**WHAT IS EXPECTED**
Below are records; please write out exactly the lines from the first line through the line containing "Asian Group Eating", with no pictures.
☆ ☆ ☆
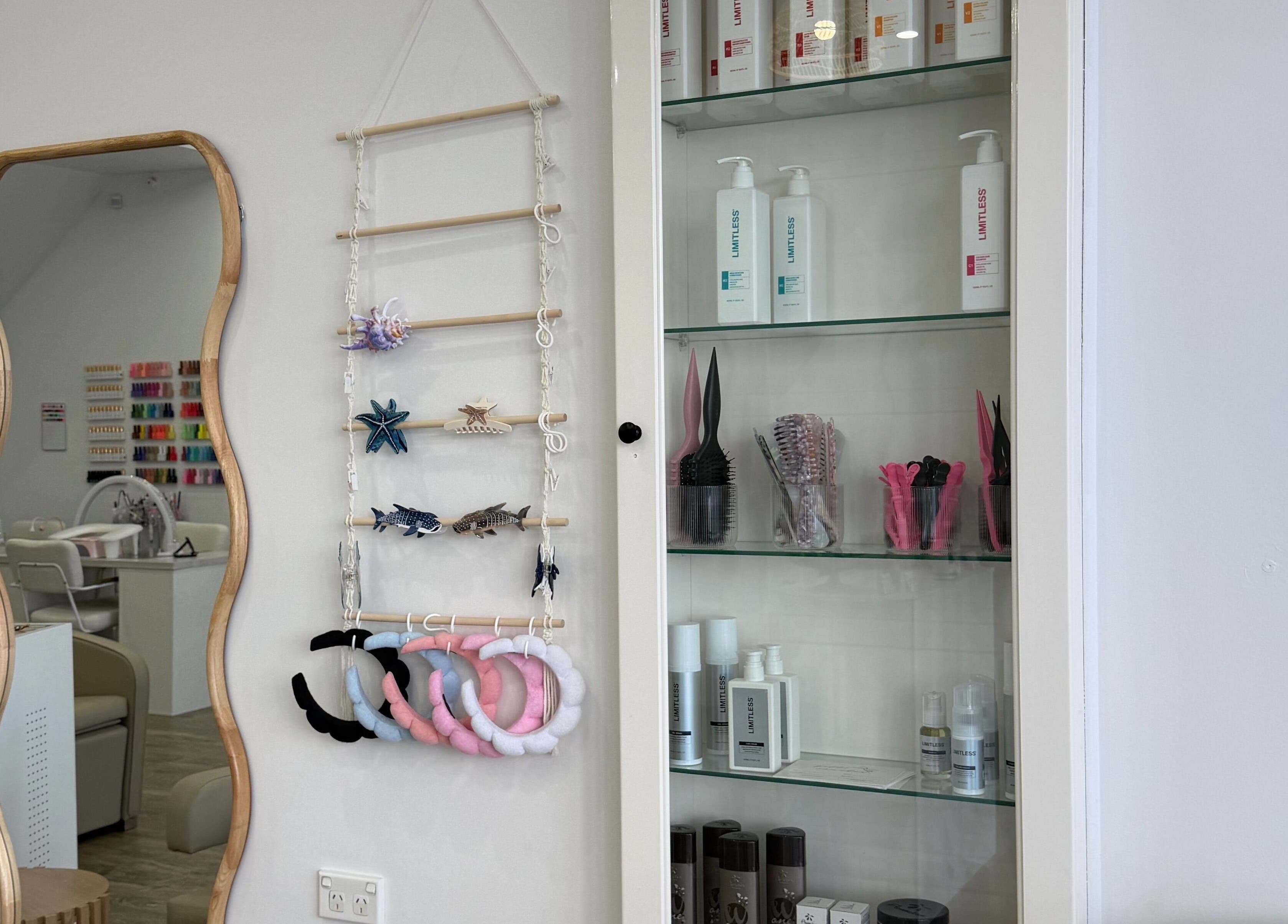 Chic salon interior with mirror and hair products at Heavenly Strands, Glen Alpine, New South Wales, AU.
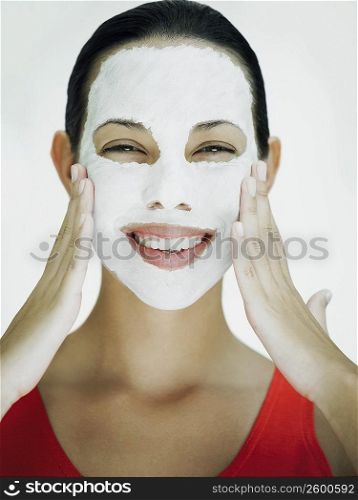 Portrait of a young woman smiling with a facial mask on her face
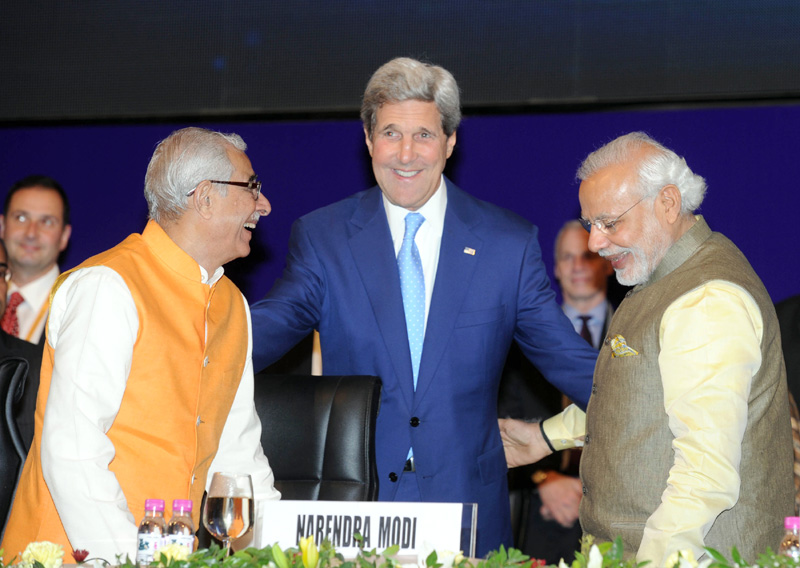 The Prime Minister, Shri Narendra Modi with the US Secretary of State, Mr. John Kerry, at the..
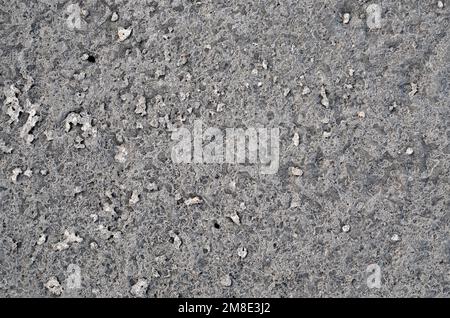 Dark gray grunge cement wall texture as abstract background. Stock Photo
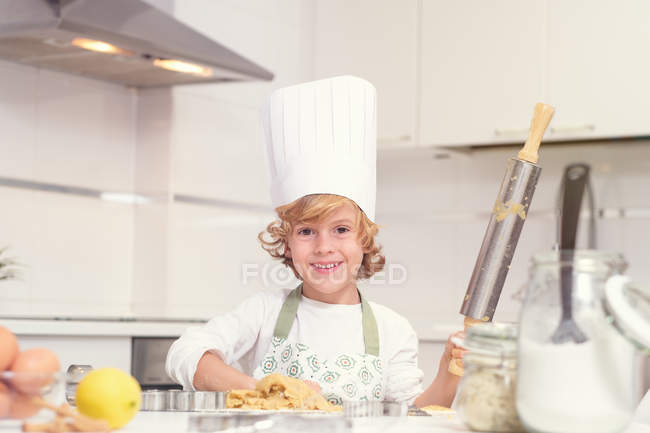 Mignon gai petit garçon rouler pétrir sur cuisine à la maison en regardant caméra — Photo de stock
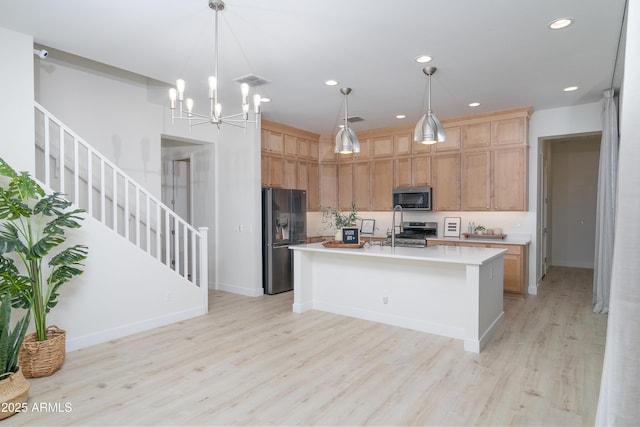 kitchen with pendant lighting, light hardwood / wood-style floors, stainless steel appliances, and an island with sink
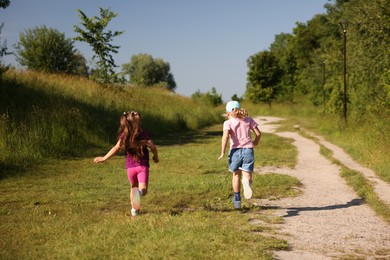Photo of Cute little girls running in nature, back view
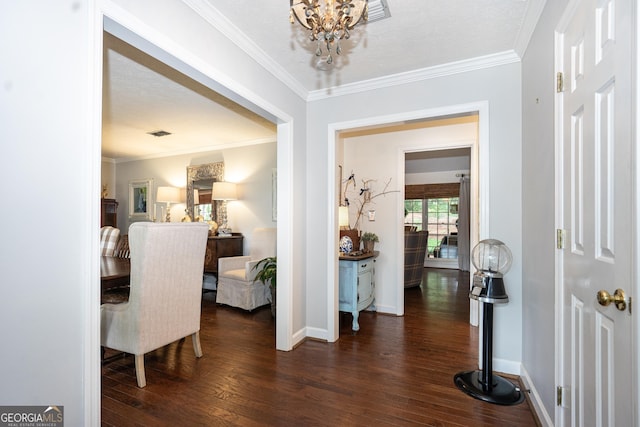 entryway featuring crown molding, baseboards, a notable chandelier, and dark wood-type flooring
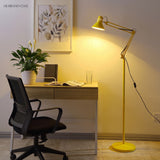 White swing arm floor lamp standing in a home office reading corner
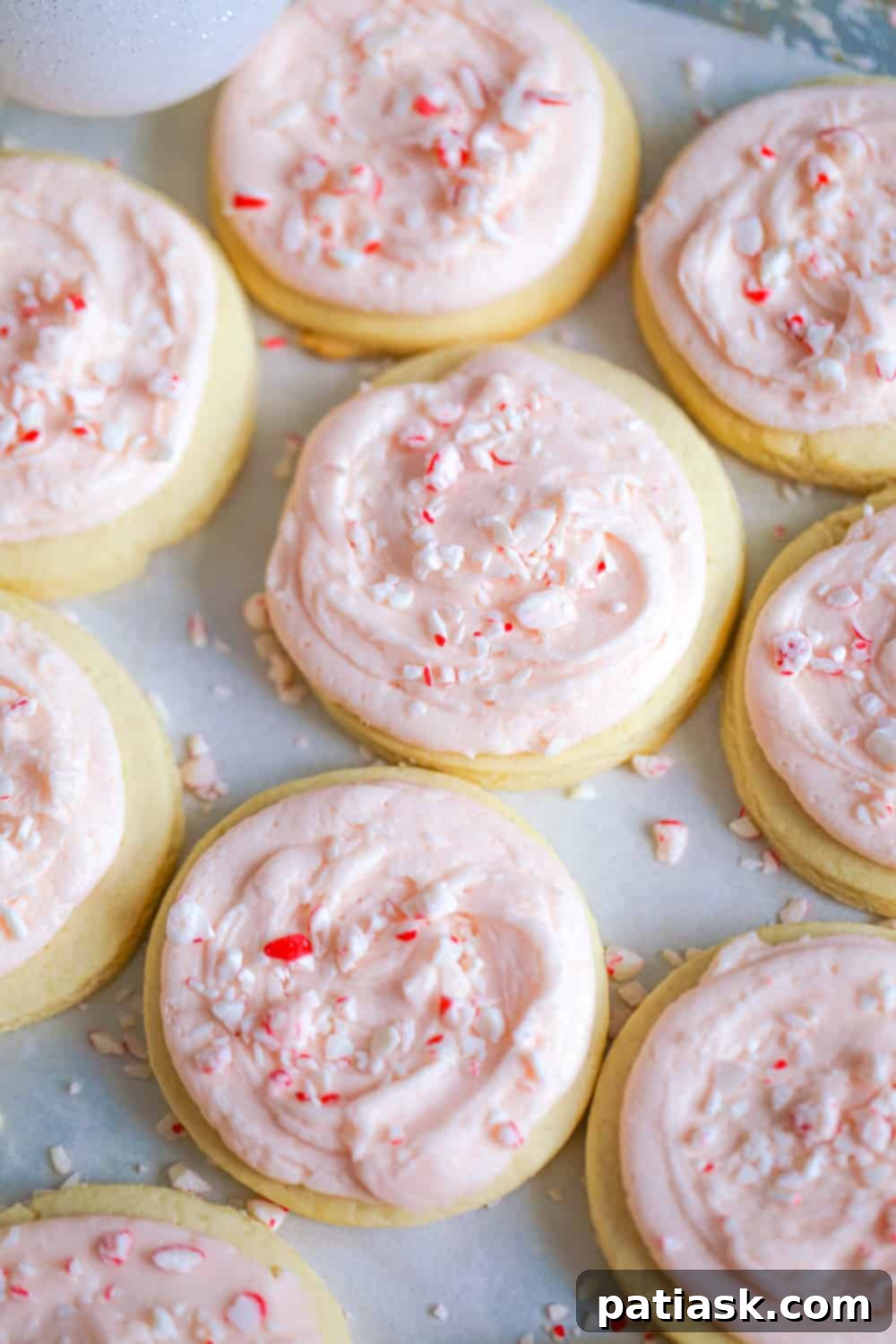 Peppermint Swirl Cookies 8 A final close-up of a single frosted candy cane cookie, emphasizing its texture and festive appeal.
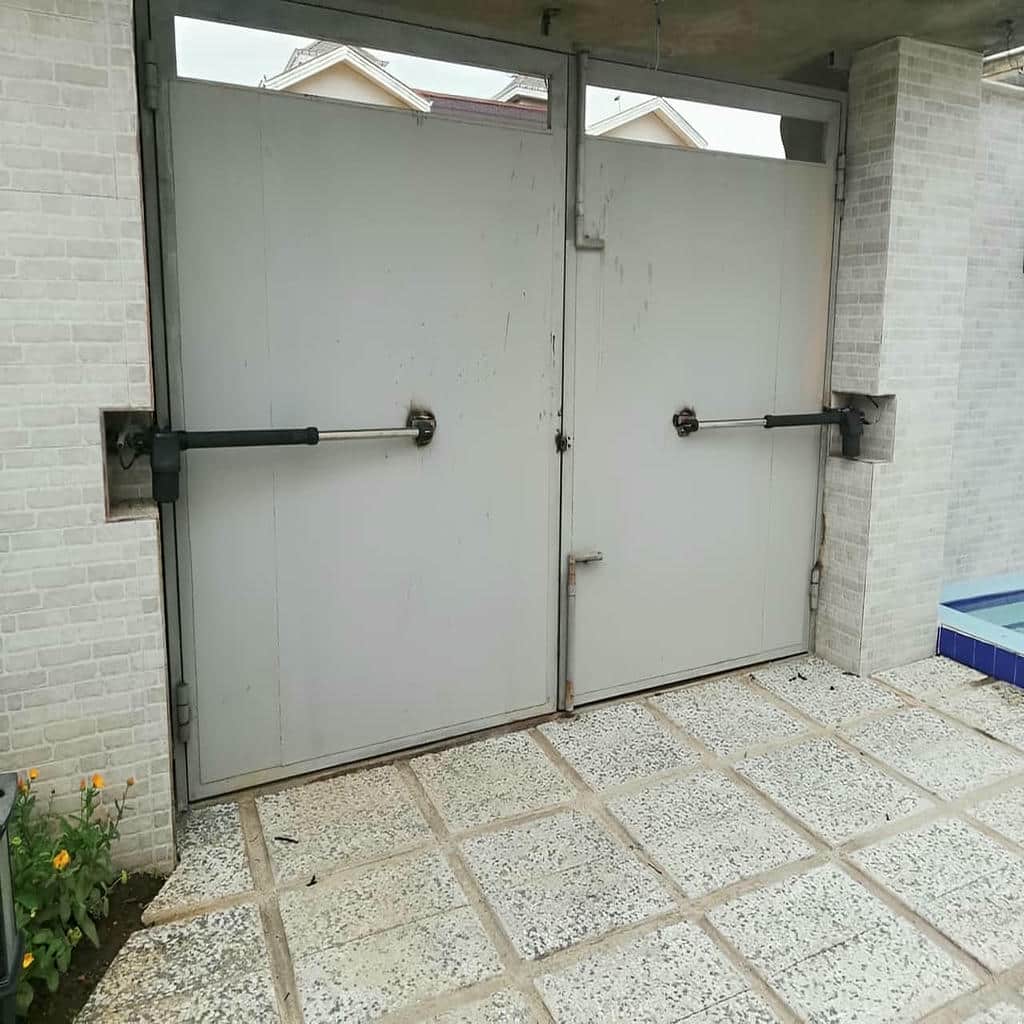 جک درب پارکینگ با گیربکس مقاوم و حرکت نرم جک درب پارکینگ با گیربکس مقاوم و حرکت نرم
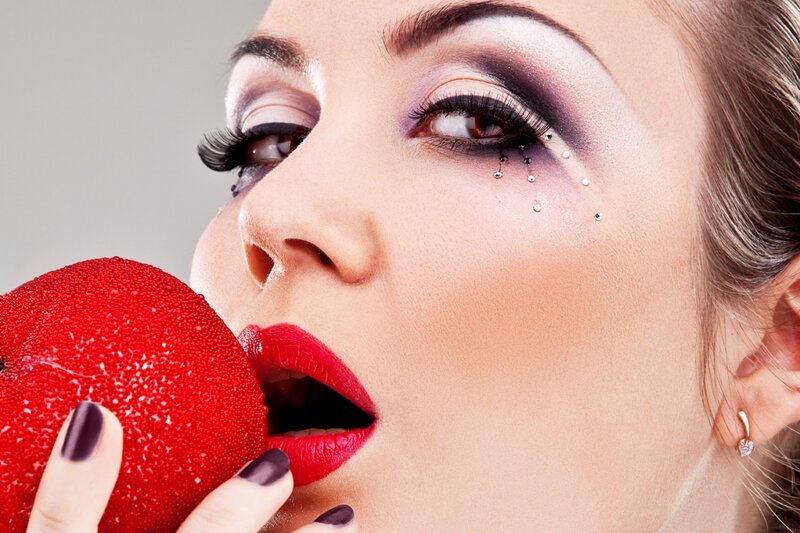 Woman Eating Red Apple — Dramatic, Photograph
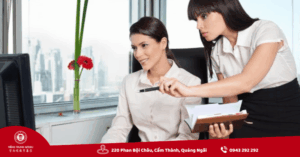 Two women in an office setting.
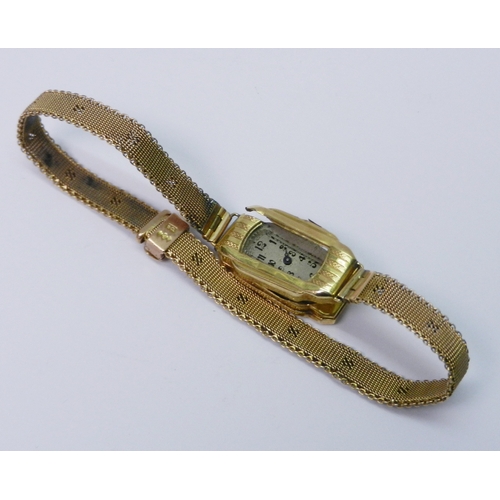49 - A ladies bracelet watch comprising an18ct gold rectangular head containing a manual wind mechanical ... 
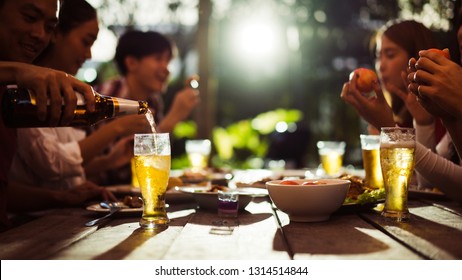 Asian Group Eating And Drinking Cold Beer Outside The House At Night, Having Fun Talking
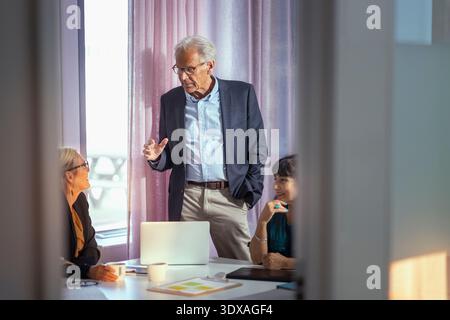 Senior manager sharing marketing ideas with colleagues in meeting room Stock Photo
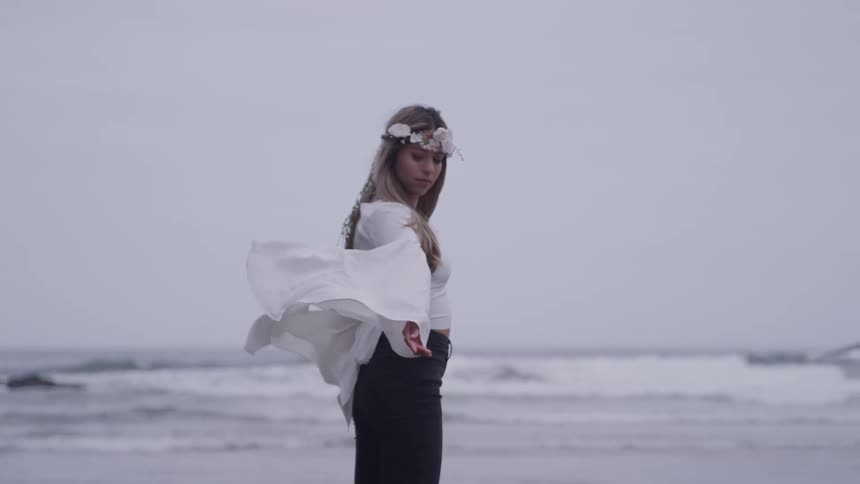 Woman wearing a flower crown and a blouse with fluttering sleeves is standing on the beach with the sea in the background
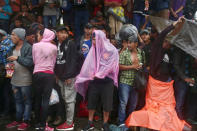 Honduran migrants, part of a caravan trying to reach the U.S., protect themselves from torrential rain during a new leg of their travel in Mazatenango, Guatemala October 18, 2018. REUTERS/Edgard Garrido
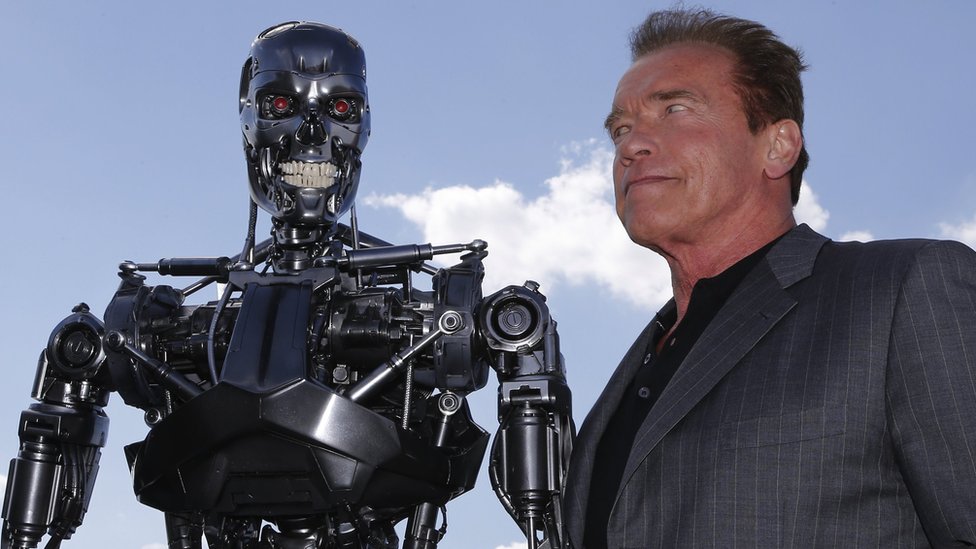 US actor and former governor of California Arnold Schwarzenegger poses with the Terminator animatronics robot during a photo call for the film Terminator Genisys on 19 June 2015 in Paris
☆ ☆ ☆
**TASK RESPONSE**
 Chic salon interior with mirror and hair products at Heavenly Strands, Glen Alpine, New South Wales, AU.
 Portrait of a young woman smiling with a facial mask on her face
 The Prime Minister, Shri Narendra Modi with the US Secretary of State, Mr. John Kerry, at the..
 Dark gray grunge cement wall texture as abstract background. Stock Photo
 Mignon gai petit garçon rouler pétrir sur cuisine à la maison en regardant caméra — Photo de stock
 kitchen with pendant lighting, light hardwood / wood-style floors, stainless steel appliances, and an island with sink
Photo of Cute little girls running in nature, back view
 entryway featuring crown molding, baseboards, a notable chandelier, and dark wood-type flooring
 White swing arm floor lamp standing in a home office reading corner
 Peppermint Swirl Cookies 8 A final close-up of a single frosted candy cane cookie, emphasizing its texture and festive appeal.
 جک درب پارکینگ با گیربکس مقاوم و حرکت نرم جک درب پارکینگ با گیربکس مقاوم و حرکت نرم
 Woman Eating Red Apple — Dramatic, Photograph
 Two women in an office setting.
49 - A ladies bracelet watch comprising an18ct gold rectangular head containing a manual wind mechanical ... 
 Asian Group Eating And Drinking Cold Beer Outside The House At Night, Having Fun Talking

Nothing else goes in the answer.